Author: Yaoyang Zhang, Jianbo Chen, Yuting Ye
See complete report here
The goal of image-to-image translation is to learn a mapping between an input image and an output image. The problem can be further divided into several types. The first type has no training data and only one image is given for the algorithm. The objective is often defined clearly. For example, classical image denoising [4] is within this class. The second type contains training data with paired images. There are many works along this line [3, 8, 11, 10, 14]. The conditional GAN was used for this type of task by Isola et al. [10]. Isola et al. [10] also proposed a metric called FCN-score that measures the quality of image-to-image translation. The third type contains training data with unpaired images. In the latter two types, the objective itself is usually not defined clearly and needs to be learned. This leads to the difficulty of evaluating a concrete method on such tasks, together with the difficulty of evaluating the fundamental difficulty of such a task itself. In this report, we aim to tackle such problems for the third type of image-to-image translation.

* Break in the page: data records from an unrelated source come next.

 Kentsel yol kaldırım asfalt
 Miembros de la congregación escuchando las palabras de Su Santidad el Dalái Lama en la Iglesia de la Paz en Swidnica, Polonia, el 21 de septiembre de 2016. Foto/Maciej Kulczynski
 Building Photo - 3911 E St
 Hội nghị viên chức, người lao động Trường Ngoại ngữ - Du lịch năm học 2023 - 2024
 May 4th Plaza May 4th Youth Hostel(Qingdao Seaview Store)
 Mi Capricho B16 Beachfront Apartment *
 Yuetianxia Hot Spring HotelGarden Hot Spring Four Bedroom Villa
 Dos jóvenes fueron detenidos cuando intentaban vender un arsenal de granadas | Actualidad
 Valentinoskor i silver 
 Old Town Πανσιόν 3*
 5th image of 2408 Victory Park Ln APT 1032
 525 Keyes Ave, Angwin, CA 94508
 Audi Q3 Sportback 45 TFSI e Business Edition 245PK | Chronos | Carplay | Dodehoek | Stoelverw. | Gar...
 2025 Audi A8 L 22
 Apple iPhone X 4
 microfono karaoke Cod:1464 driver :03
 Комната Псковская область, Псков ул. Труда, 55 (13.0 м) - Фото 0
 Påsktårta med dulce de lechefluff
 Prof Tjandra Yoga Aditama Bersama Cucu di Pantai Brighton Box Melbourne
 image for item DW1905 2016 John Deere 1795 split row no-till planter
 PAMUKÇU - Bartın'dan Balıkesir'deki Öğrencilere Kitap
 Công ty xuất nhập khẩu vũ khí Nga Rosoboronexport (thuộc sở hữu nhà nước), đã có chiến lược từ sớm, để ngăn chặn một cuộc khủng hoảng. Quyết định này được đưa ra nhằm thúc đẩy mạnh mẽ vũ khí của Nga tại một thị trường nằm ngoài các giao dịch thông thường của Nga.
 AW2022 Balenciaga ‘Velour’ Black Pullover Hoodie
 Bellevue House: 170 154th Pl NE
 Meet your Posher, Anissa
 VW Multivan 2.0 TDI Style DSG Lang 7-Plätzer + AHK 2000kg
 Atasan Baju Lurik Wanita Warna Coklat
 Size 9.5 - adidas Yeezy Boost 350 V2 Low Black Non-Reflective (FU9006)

We proposed two metrics to evaluate the performance of CycleGAN on object transfer and style transfer. We defined the goodness of object transfer as the KL divergence between the class distribution of the original image and the "swapped" class distribution of the generated image calculated from a state-of-the-art ImageNet (in this case, we used the Inception V3 net) classification results. We then defined the goodness of style transfer as chi-square distance of the low-level features extracted from the first several layers of a state-of-the-art ImageNet.
We trained our own CycleGAN model and compare the results with those from the original paper based on our metric. Our metric is consistent with human perceptions and can be used for evaluating the performance of an image translation models (e.g. CycleGAN) on unpaired datasets.